Машина мчится по ночному, переливающемуся огнями городу. Во мраке салона глаза Хенке блестят так задумчиво. У его губ вкус лайма и какой-то шипучки. Тянет ближе и ближе, почти затаскивает на колени, не обращая внимания на водителя. Впрочем, кажется, тому наплевать.
— Люблю тебя так сильно, что иногда кажется, разорвет изнутри. Будто эти чувства не умещаются в груди. Так люблю тебя, Ти.
Тай кивает и опускает голову на плечо, обтянутое красной курткой. Она мягкая и уже не так раздражает. Он думает, что, может быть, ее даже можно оставить…
— Я тоже люблю тебя.
Звезды сегодня яркие и красивые, как глаза его Хенке.
========== Часть 46 (актеры) ==========
— Мама Сив, можно я женюсь на тебе?
У него язык не выговаривает половину звуков, но какая разница, если она поймет все равно. Смеется так по-доброму и совсем не пытается ругать за неподобающий внешний вид. Конечно, он уже официально совершеннолетний, правда? И может делать все, что в голову взбредет. В рамках закона, конечно.
Хотя, она и до этого позволяла. Не могла же не знать, что они творят с этим обалдуем — ее сыночком за закрытыми дверьми спальни, ванной… и далее по списку. Видеть не могла, а вот слышать…
— Солнышко, по-хорошему, тебя сейчас только чем-то горячим отпаивать, потом в душ и баиньки.
— Не хочу я баиньки, правда. Жениться хочу. Выйдешь за меня, мама Сив?
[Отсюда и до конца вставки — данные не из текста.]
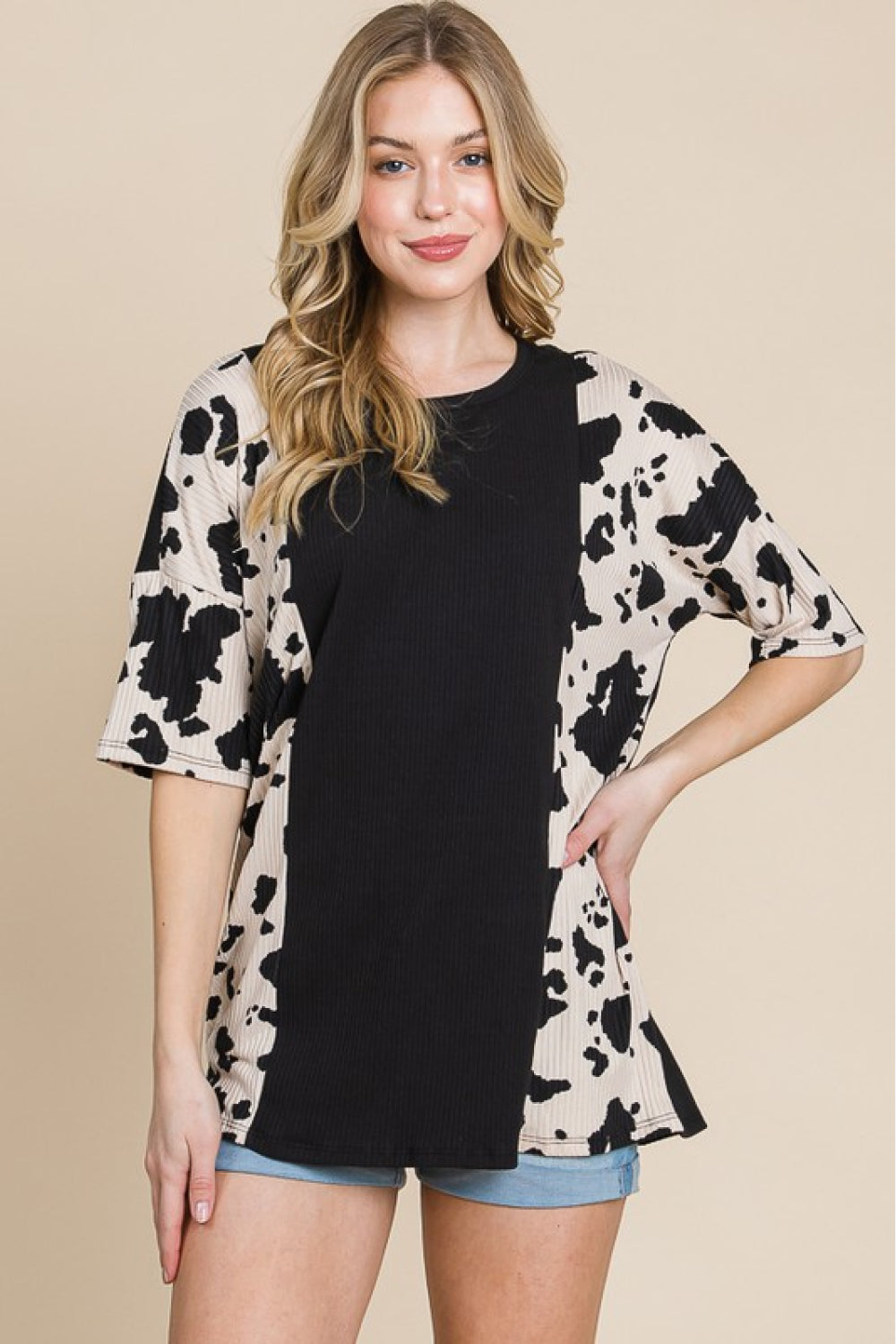 BOMBOM Rodeo Love Ribbed Animal Contrast Tee - In Style Chics Boutique LLC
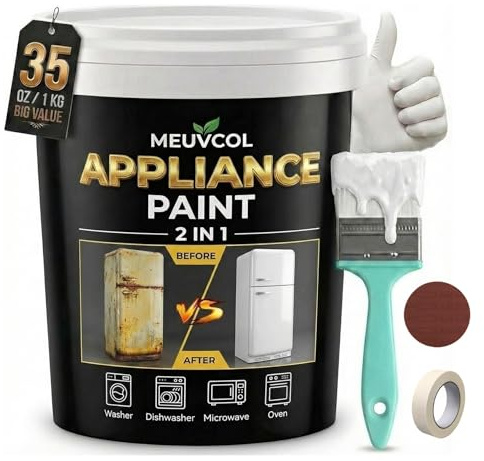 Meuvcol Appliance Paint White, 35 Oz Refrigerator Paint For Metal & Plastic Surface, Touch Up Coating For Fridge, Dishwasher, Washer, Microwave, Rust Preventative Coating With Tool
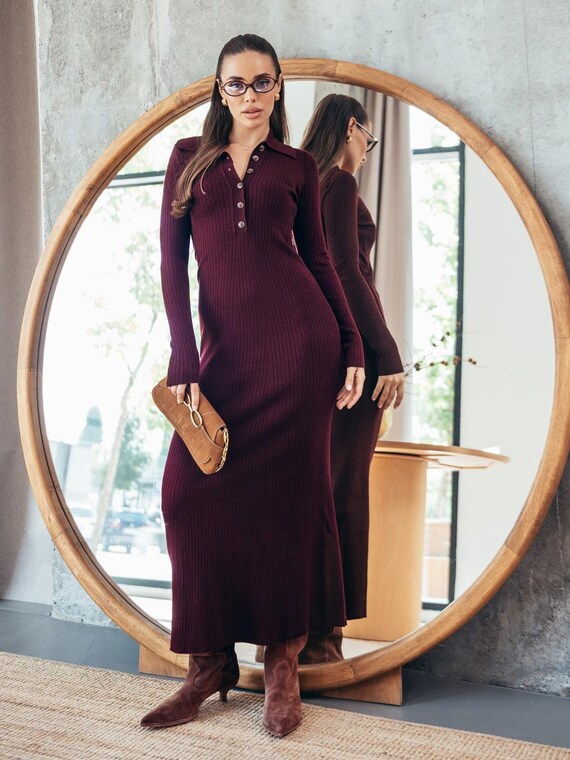 high neck knitted midi dress Ramie Ribbed Mock Neck Knit Midi Dress Black / Small main image 0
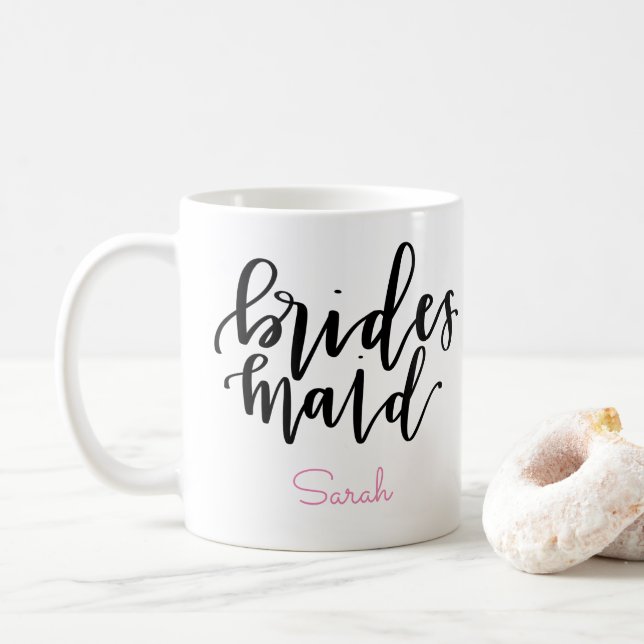 Caneca de café da dama de honra - personalize o (Com Donut)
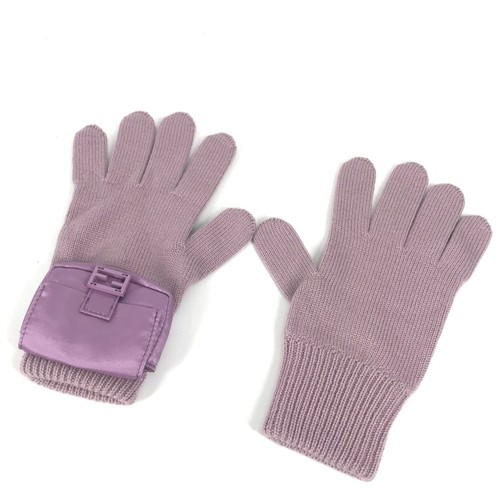 FENDI Bucket Gloves FXY581 Handschuhe Wolle lila guter Zustand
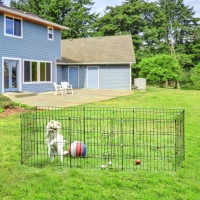 PawHut Recinto per Cani da Esterno, Box Gabbia per Cani Gatti Cuccioli Roditori Recinzione Rete 8 Pezzi 61 x 61cm Nero(m-8)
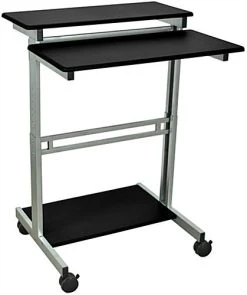 31.5" Mobile Sit Or Stand Desk, Height Adjustable, Steel – Black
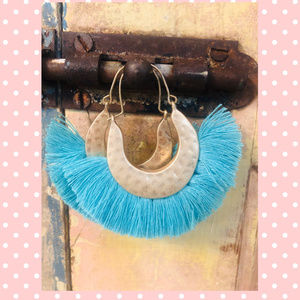 Gold tone hammered earrings w/Auqa fringe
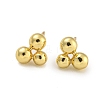 Rack Plating Round Brass Stud Earrings EJEW-C116-01G-1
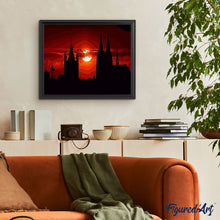 Laden Sie das Bild in den Galerie-Viewer, Malen nach Zahlen für Erwachsene | Sonnenuntergang auf dem Schloss | Figured'Art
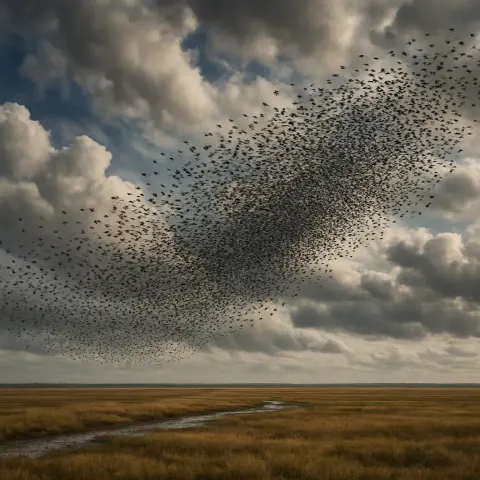 Vast Flock of Migrating Birds Forms a Dynamic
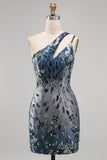 Sparkly Navy One Shoulder Bodycon Sequins Floral Short Formal Dress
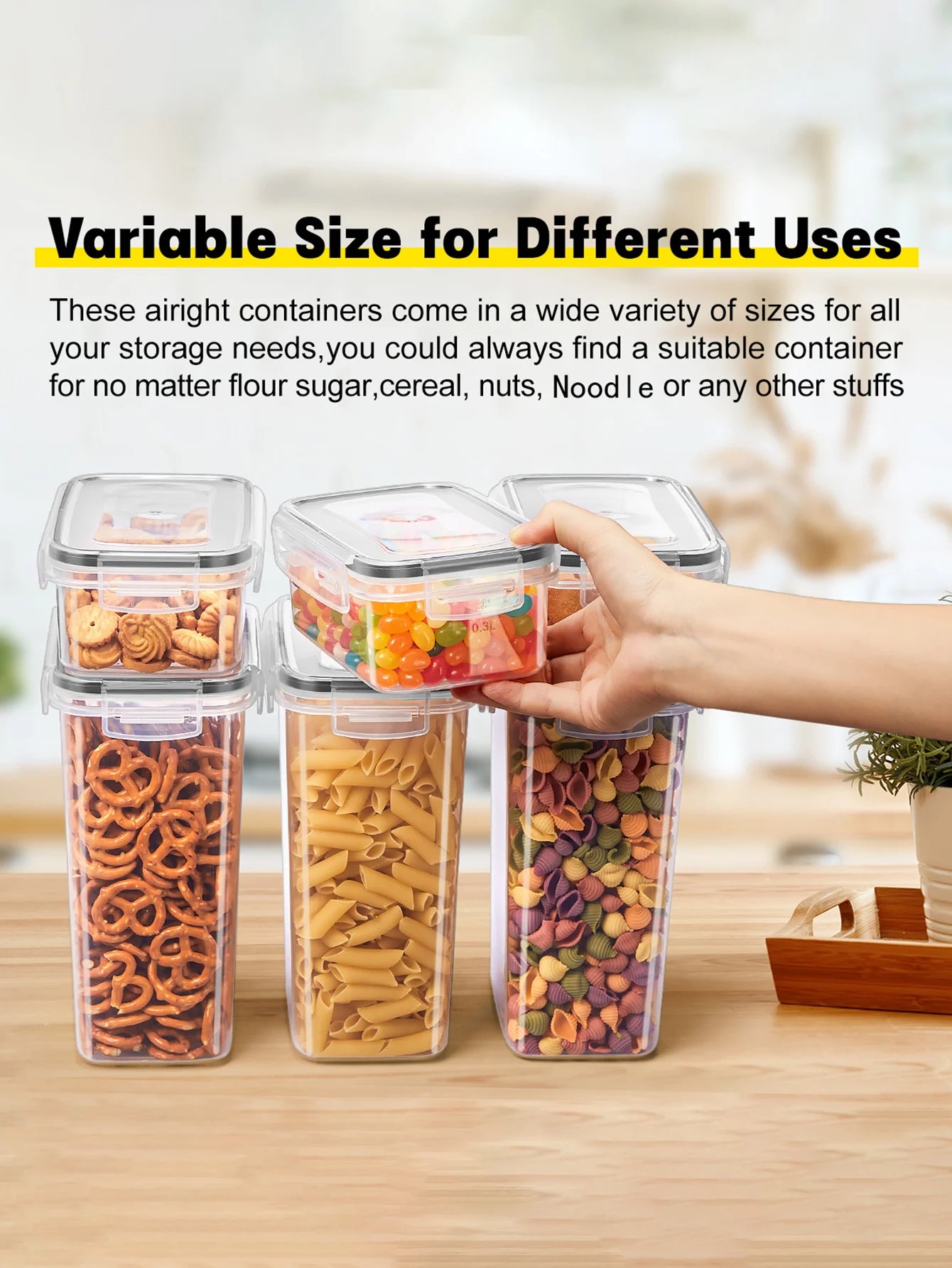 24PCS Sealed Food Storage Containers with Lids – Kitchen Organizer for Grains, Rice & Pasta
А Хенке пусть бесится потом. Сучоныш.
Смотрит на нее этим своим умоляющим взглядом, перед которым Хенрик никогда не мог устоять, а Сив смеется и легонько шлепает по губам ладошкой.
— Думаю, Карл этого не оценит, милый. Ну, а Хенрик — и подавно.
Тарьей фыркает громко и хочет в подробностях рассказать ей, как и где он видел и вертел желания Хенрика Холма, но в последний момент прикусывает язык, потому что… В конце концов, она его мама, ведь правда?
У нее глаза смеются и при этом остаются какими-то грустными там, в глубине. Женщина ласково погладит плечо, улыбнется чуть ободряюще.